What does P2P file sharing have to do with VoIP and SIP, though? Unfortunately, VoIP traffic shares the same pipes that carry BitTorrent traffic - pipes that are perpetually full. This results in packet loss for VoIP, and more importantly, increased latencies as router queues become continuously full from file sharing traffic. VoIP is not the only application affected, of course. Indeed, the increased usage of Internet capacity by file sharing applications has caused a feud of sorts to erupt between some ISPs, and Comcast in particular, and BitTorrent.

 

Fortunately, the IETF has stepped up to develop technical solutions that can allow for a more peaceful co-existence of file sharing applications and VoIP. This past August, at the 72nd meeting of the IETF, two new working groups were proposed, both of which discussed fascinating technologies for addressing the problem. Participants representing both BitTorrent and Comcast were in attendance.

 

The first proposed working group, called Alto, presented a technology allowing desktop applications, like BitTorrent, to obtain information about the network so they can work better. BitTorrent connects to other peers all over the Internet in order to download a file. Oftentimes, the peer is chosen poorly - a user in Philadelphia downloading a file may end up connecting to peers in China and Japan, even though a peer in nearby New York has the file. This wastes bandwidth on the ISP's inter-provider links, and causes the file to take longer to download. Using the proposed technology, the desktop application could submit a request to a server in the ISP network, asking it to provide information on which, amongst a set of possible peers, would be the "best" ones to connect to. The definition of "best" was a subject of much discussion in the meeting. Generally, it involves some kind of topological metric, so that a client can choose the closest peers.

 

The Alto technology helps VoIP both indirectly (by reducing consumption of network resources by P2P apps) and directly. Alto is not limited to P2P file sharing. A desktop softphone app, for example, could use the Alto technology to find the nearest conference bridge, or find the nearest NAT traversal server. Indeed, the latency sensitive nature of VoIP means that technologies like Alto - which help applications make smart choices about connectivity based on proximity - may be even more directly beneficial to it than to P2P applications.

 

The second proposed working group, called Tana, discussed a new transport protocol, akin to TCP and UDP, which would provide a "scavenger class" service.
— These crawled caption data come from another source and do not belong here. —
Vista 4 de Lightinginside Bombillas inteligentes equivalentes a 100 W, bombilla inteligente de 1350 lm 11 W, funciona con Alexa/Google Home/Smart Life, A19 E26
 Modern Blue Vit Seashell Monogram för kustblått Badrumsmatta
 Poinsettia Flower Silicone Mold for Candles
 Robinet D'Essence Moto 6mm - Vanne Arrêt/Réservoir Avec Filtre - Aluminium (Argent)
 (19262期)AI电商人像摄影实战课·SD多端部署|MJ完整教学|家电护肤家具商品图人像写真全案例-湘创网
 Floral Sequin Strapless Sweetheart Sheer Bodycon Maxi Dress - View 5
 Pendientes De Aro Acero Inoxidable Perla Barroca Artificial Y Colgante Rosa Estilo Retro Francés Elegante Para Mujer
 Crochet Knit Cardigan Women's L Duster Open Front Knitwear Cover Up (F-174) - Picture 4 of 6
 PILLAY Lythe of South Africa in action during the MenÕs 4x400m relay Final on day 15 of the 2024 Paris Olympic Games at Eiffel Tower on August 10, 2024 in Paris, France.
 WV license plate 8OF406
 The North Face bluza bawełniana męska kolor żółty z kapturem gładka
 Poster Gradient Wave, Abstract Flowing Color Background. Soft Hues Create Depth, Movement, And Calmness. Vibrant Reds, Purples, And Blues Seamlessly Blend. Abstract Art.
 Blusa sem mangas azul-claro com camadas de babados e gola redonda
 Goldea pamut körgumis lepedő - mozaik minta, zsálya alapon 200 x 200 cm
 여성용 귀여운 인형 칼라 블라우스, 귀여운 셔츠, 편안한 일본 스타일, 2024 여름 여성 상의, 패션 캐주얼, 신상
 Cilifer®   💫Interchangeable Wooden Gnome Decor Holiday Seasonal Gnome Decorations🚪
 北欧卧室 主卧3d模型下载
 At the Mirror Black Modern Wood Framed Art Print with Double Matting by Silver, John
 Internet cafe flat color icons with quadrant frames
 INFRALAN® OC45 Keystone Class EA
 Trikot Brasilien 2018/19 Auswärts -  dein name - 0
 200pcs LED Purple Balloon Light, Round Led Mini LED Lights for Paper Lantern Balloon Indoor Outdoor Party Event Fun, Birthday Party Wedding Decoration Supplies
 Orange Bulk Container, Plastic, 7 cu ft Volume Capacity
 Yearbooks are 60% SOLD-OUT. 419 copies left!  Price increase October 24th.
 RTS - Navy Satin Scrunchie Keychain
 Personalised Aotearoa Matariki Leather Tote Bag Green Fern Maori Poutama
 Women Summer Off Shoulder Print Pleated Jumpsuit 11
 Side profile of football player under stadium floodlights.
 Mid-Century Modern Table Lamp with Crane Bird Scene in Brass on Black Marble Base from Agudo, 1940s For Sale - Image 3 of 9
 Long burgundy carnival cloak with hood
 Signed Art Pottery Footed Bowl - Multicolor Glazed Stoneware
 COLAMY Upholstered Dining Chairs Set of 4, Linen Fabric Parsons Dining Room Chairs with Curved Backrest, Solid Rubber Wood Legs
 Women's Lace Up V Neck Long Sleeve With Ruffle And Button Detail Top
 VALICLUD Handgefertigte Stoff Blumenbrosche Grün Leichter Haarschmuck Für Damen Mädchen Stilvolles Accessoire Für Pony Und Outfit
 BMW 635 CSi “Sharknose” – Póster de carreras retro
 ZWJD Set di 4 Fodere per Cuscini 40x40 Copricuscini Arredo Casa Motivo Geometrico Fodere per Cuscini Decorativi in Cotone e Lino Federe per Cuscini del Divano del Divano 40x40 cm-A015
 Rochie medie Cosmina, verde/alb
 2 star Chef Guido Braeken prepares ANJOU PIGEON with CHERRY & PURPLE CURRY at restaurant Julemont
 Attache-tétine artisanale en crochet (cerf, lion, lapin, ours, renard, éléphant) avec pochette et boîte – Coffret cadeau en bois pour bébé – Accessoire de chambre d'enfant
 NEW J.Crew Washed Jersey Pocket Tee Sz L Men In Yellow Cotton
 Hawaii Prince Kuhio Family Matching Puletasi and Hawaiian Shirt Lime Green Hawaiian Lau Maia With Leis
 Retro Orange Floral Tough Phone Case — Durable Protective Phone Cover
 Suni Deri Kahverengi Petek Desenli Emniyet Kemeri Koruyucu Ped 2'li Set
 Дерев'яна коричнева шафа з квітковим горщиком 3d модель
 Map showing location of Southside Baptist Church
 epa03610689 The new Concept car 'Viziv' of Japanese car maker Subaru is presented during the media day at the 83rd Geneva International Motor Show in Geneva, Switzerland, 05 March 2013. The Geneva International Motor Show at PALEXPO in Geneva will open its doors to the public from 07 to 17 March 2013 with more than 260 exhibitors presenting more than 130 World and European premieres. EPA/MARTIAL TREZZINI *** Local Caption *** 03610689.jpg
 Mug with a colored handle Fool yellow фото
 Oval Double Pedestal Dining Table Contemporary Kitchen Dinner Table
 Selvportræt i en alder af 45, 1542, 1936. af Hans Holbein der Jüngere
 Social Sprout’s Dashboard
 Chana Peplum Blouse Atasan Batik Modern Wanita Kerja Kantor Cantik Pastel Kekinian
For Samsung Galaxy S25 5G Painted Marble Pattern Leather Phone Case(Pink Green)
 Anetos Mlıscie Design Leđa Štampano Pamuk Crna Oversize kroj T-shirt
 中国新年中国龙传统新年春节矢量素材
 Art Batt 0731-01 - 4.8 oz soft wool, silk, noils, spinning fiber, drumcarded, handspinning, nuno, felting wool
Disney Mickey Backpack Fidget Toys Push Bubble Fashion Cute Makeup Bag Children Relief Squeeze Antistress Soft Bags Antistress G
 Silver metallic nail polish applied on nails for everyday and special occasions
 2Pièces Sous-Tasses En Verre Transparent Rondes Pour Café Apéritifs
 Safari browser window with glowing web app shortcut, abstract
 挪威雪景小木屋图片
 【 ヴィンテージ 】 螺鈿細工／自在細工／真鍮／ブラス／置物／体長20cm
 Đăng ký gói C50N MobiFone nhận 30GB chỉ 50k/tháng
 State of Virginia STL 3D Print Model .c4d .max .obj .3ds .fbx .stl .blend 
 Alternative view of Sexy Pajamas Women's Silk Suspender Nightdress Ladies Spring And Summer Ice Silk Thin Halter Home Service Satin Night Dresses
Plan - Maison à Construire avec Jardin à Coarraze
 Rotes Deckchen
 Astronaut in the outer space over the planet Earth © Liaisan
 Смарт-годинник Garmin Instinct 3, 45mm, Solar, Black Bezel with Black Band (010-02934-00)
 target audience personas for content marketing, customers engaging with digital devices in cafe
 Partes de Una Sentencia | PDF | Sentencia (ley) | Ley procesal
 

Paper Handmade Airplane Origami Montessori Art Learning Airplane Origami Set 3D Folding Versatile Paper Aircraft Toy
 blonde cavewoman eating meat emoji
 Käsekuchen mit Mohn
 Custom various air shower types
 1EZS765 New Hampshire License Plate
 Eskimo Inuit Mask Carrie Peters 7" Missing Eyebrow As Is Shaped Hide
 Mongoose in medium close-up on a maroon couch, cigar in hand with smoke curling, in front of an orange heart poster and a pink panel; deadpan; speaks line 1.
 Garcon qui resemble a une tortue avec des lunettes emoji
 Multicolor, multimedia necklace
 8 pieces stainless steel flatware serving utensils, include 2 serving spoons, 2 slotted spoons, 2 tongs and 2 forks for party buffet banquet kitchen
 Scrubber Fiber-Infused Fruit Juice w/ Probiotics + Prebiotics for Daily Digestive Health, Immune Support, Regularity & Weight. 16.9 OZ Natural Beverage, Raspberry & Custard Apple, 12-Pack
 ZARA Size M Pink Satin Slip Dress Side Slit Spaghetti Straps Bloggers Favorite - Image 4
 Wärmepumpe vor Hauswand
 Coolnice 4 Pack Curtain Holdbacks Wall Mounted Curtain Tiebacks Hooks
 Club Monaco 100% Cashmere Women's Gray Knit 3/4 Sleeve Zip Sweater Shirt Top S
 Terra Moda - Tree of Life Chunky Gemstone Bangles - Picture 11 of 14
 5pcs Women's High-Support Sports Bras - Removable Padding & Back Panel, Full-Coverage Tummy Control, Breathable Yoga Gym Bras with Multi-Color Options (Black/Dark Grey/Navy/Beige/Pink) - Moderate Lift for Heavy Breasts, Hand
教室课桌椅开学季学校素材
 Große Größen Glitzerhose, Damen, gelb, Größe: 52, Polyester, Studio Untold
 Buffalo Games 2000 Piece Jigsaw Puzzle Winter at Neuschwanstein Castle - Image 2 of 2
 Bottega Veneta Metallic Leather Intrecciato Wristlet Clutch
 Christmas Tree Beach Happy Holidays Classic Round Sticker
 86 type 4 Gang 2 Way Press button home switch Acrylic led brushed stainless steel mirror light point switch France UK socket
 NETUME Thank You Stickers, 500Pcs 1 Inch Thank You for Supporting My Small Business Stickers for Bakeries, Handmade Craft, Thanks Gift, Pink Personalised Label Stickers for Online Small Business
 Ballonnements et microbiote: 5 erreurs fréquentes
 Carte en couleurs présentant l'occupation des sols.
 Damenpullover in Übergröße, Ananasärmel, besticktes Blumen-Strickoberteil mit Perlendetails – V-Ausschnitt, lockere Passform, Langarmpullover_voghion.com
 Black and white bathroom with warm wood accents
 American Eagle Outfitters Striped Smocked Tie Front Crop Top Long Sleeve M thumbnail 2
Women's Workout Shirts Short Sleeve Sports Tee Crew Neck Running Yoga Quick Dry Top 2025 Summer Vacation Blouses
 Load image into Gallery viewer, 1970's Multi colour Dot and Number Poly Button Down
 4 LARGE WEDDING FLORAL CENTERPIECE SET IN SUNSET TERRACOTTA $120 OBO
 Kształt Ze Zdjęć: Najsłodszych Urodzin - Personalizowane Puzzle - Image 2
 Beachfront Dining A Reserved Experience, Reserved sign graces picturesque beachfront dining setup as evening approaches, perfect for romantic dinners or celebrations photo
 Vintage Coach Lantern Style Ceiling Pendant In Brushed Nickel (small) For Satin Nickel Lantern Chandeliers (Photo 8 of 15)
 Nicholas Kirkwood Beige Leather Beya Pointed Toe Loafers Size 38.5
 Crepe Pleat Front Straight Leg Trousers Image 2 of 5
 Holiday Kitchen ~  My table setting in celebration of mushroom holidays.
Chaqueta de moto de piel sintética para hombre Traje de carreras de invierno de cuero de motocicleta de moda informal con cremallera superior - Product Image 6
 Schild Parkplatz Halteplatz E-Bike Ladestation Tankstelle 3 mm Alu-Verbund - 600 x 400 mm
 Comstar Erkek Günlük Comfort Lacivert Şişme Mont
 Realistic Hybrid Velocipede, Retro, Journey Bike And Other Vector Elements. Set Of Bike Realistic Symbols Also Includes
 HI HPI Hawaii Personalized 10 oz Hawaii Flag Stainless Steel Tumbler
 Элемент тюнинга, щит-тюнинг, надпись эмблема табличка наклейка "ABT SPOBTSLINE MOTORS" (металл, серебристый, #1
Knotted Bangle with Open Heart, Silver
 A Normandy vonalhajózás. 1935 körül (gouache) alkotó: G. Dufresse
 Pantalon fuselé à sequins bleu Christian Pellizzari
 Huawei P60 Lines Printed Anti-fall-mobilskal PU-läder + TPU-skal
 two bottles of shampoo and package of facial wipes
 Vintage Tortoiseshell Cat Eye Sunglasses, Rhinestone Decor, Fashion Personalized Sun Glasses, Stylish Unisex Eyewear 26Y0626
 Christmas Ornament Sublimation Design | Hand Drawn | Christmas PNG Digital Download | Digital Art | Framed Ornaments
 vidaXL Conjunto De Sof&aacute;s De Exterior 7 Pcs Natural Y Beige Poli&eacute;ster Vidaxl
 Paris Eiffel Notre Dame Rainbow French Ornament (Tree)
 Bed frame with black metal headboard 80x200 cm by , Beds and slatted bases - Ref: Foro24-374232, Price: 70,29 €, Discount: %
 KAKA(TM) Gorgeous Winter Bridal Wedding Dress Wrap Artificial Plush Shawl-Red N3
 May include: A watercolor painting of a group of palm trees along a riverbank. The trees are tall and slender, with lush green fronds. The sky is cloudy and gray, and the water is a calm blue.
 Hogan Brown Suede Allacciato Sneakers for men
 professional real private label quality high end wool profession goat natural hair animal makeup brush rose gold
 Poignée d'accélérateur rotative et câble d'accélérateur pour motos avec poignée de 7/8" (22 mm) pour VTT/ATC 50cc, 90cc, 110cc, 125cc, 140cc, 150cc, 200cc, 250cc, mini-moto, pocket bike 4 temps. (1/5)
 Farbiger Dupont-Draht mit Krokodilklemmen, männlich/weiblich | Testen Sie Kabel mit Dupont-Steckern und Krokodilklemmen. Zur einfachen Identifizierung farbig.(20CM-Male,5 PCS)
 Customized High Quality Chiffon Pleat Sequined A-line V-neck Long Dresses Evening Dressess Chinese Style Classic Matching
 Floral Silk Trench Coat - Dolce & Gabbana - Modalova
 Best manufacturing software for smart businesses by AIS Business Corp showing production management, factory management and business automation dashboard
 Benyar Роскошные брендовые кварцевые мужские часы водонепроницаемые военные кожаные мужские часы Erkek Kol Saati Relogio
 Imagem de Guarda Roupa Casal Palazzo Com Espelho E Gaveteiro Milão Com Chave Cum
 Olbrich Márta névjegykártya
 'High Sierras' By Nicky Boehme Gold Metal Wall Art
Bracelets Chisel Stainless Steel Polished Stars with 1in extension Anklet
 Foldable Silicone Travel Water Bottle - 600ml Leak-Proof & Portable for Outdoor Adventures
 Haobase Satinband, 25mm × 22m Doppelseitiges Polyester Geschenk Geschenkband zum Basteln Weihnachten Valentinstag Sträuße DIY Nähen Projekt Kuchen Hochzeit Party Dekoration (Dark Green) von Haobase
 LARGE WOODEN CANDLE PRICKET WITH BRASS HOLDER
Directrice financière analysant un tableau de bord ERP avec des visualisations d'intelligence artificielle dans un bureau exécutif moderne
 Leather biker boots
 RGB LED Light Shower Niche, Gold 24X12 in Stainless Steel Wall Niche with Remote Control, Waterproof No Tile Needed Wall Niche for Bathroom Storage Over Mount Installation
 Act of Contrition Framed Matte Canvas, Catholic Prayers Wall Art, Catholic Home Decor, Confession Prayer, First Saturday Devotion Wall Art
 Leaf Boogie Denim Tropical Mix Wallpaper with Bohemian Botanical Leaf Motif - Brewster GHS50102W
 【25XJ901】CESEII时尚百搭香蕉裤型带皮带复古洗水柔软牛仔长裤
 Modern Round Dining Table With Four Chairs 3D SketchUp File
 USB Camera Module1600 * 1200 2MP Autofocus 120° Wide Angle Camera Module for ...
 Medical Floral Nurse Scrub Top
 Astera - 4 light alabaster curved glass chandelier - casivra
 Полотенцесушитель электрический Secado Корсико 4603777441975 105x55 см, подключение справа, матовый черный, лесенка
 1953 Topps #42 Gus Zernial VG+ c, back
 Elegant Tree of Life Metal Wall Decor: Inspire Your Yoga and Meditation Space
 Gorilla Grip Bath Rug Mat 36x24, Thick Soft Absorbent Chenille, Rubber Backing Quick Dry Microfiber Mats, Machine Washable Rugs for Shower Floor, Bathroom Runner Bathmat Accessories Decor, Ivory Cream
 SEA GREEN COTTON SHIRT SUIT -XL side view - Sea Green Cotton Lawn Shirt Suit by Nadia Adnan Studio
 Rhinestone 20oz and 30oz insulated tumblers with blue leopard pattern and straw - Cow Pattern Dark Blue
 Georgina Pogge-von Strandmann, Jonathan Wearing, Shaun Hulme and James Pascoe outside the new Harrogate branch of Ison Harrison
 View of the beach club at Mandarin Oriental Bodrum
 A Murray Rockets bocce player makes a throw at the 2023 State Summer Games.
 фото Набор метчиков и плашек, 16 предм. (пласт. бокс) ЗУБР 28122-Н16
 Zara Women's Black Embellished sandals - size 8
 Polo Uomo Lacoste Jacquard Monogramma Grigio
Scavenger class means that it would only utilize available network bandwidth; it would never push out other traffic. It only scavenges the leftover bandwidth that goes unused by other applications - like VoIP - that run in the network. The technology works by probing the network to determine the amount of traffic sitting in the router queues, and when the queues start to fill, it backs off and sends less data. This approach works particularly well with VoIP, which has the best performance when router queues are empty. Tana technology does not require changes to routers and switches, and is actually in active usage by some BitTorrent clients today. Widespread usage of the Tana technology could have a noticeable impact on making VoIP work better on the Internet.

 

The Alto and Tana meetings made this IETF one of the most exciting in recent memory. Both are very promising technologies which, by changing the behavior of one of the most significant sources of traffic on the entire Internet, can actually have a real impact on the performance of the Internet for all applications, including VoIP. It's something to keep an eye on. Jonathan Rosenberg is a Cisco Fellow.